Energy ministers at an emergency meeting in Brussels indicated they are in favour of the move which would see market intervention never-before seen in the European Union. Ireland has traditionally been opposed to such market tinkering but that position appears to be changing.

“We cannot be ideological, we have to intervene,” said Minister for the Environment, Climate and Communications Eamon Ryan on his way into the meetings. “The big interference here is the Russian government. The measures proposed do retain an open market.” 

Last week, Electric Ireland announced it will increase residential electricity bills by 26.7% and residential gas bills by 37.5% with effect from October 1, 2022. Their price hike was followed quickly by another from Bord Gáis and Energia.

“We have to be honest with consumers,” said Ryan. “We can’t cushion the full blow. We need to cushion some of it.” 

At Friday’s meeting, EU energy ministers agreed that Brussels should put forward proposals on a potential tax on the profits of energy companies, including low-cost production from solar, wind and nuclear, and redistribute that wealth to households struggling with high energy bills.

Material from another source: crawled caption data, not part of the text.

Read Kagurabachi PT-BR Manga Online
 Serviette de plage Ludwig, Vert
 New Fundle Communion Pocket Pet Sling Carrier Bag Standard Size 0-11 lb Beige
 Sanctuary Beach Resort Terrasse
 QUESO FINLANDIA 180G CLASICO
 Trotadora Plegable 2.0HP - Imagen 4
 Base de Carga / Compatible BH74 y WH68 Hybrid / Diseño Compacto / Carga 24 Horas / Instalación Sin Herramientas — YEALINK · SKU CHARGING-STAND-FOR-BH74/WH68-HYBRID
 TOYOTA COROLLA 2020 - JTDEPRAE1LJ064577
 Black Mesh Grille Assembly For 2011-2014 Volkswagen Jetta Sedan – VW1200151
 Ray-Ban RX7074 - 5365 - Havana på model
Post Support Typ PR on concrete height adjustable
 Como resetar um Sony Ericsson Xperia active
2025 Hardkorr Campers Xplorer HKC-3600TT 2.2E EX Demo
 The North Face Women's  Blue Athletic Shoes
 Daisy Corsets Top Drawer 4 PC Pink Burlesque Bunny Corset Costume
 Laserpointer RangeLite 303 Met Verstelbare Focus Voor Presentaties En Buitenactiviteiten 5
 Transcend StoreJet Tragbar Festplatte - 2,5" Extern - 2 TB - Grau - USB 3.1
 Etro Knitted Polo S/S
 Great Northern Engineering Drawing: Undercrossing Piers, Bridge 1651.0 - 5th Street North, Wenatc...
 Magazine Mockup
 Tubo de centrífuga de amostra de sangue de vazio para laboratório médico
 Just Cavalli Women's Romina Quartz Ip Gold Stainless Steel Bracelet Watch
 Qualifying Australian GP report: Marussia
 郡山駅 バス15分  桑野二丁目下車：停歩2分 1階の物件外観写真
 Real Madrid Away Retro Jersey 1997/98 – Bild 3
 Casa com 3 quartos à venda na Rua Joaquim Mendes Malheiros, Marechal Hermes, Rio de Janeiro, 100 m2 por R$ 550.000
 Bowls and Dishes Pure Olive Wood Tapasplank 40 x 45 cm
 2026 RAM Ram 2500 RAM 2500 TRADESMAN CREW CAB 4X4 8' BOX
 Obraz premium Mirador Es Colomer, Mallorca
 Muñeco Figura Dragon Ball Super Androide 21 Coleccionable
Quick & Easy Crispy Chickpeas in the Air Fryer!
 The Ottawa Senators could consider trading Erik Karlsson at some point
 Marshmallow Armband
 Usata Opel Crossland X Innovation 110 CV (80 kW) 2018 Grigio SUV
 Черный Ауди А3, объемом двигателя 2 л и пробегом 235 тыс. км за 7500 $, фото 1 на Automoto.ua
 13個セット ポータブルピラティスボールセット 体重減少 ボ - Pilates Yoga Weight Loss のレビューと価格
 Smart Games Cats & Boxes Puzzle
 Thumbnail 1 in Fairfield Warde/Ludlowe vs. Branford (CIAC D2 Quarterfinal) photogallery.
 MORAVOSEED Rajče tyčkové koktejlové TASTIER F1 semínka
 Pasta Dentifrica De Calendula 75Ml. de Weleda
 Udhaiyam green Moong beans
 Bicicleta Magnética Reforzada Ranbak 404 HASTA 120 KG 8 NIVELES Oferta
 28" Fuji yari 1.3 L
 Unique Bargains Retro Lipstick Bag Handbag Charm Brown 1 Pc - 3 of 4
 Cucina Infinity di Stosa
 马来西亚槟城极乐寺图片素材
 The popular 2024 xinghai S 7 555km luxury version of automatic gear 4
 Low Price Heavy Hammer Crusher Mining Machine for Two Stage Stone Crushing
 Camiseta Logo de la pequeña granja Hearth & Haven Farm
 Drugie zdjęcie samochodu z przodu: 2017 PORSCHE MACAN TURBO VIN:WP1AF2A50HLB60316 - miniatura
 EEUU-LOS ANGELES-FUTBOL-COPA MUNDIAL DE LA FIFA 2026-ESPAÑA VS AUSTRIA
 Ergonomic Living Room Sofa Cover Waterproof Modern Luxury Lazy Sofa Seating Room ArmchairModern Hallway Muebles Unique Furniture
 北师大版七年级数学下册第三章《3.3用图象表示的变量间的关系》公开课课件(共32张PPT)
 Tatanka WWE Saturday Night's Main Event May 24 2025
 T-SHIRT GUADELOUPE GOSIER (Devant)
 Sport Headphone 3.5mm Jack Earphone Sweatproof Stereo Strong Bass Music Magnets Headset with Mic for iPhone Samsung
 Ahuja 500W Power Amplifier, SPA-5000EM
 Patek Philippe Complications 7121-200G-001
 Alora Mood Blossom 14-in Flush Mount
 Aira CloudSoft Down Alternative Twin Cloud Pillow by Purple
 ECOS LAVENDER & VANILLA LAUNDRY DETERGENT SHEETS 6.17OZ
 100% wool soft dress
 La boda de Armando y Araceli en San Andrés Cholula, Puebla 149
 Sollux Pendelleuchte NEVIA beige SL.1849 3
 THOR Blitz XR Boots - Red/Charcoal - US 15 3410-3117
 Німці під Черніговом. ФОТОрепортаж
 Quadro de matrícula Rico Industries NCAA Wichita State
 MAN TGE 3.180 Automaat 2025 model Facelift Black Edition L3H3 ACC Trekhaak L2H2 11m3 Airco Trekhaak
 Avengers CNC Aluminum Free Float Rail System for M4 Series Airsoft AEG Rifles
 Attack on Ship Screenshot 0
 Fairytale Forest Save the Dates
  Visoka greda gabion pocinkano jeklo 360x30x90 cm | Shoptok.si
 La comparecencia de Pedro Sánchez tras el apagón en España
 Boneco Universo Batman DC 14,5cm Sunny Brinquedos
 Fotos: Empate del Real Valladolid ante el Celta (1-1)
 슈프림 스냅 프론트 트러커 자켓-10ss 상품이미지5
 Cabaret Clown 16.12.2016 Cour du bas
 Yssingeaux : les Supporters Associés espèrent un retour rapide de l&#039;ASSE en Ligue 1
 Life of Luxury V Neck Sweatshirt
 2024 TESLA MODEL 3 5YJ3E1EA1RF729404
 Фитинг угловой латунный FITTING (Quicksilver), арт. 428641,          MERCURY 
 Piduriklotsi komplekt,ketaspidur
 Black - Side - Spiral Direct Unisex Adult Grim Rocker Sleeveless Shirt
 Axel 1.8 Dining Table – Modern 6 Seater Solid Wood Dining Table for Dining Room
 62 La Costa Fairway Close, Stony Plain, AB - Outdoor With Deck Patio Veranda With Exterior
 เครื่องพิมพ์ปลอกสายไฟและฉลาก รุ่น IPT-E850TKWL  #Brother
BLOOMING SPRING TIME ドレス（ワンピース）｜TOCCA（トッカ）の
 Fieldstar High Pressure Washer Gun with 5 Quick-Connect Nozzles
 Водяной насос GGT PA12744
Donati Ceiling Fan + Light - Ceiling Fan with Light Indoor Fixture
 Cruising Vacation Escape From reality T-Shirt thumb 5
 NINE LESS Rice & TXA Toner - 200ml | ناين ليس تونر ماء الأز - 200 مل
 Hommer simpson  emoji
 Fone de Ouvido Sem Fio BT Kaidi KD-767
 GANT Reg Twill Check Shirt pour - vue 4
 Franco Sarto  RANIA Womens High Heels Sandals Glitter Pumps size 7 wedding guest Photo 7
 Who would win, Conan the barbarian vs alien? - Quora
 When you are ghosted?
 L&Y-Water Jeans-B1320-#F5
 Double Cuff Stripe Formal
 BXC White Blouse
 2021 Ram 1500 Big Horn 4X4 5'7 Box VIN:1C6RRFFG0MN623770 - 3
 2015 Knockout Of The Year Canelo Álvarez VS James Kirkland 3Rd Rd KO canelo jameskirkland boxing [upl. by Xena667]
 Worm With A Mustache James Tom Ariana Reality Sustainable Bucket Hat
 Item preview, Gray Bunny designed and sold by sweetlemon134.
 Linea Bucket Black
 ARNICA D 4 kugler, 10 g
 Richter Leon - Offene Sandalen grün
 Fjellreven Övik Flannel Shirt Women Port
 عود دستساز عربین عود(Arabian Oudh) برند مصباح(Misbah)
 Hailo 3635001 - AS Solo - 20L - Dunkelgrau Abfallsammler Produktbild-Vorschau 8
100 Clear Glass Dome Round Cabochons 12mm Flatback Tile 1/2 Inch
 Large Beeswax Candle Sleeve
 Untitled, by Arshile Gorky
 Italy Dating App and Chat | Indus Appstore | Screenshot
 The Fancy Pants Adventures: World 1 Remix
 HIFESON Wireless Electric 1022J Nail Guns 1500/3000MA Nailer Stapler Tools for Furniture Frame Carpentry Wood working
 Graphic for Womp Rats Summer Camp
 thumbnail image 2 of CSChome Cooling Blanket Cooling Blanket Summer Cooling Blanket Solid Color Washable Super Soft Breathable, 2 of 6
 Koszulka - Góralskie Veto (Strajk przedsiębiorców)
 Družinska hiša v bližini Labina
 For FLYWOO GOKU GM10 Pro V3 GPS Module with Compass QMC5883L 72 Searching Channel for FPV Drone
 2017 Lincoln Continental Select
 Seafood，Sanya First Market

They also agreed to receive proposals on how the EU could inject liquidity into energy markets as well as on targets to reduce the use of electricity at peak hours.

The EU Commission accepted that member states favour voluntary reductions and are against binding energy reduction targets, but the EU executive's preference is for mandatory reductions and the proposal adopted next week may reflect that. In that case, national governments would have to make sure households and companies reduce electricity consumption during peak hours, or risk getting fined by the Commission.

Price cap

The decision by the ministers in Brussels to task the European Commission to draw up a cap on all gas imports is seen as a way to avoid a potential Hungarian veto on only targeting Russia.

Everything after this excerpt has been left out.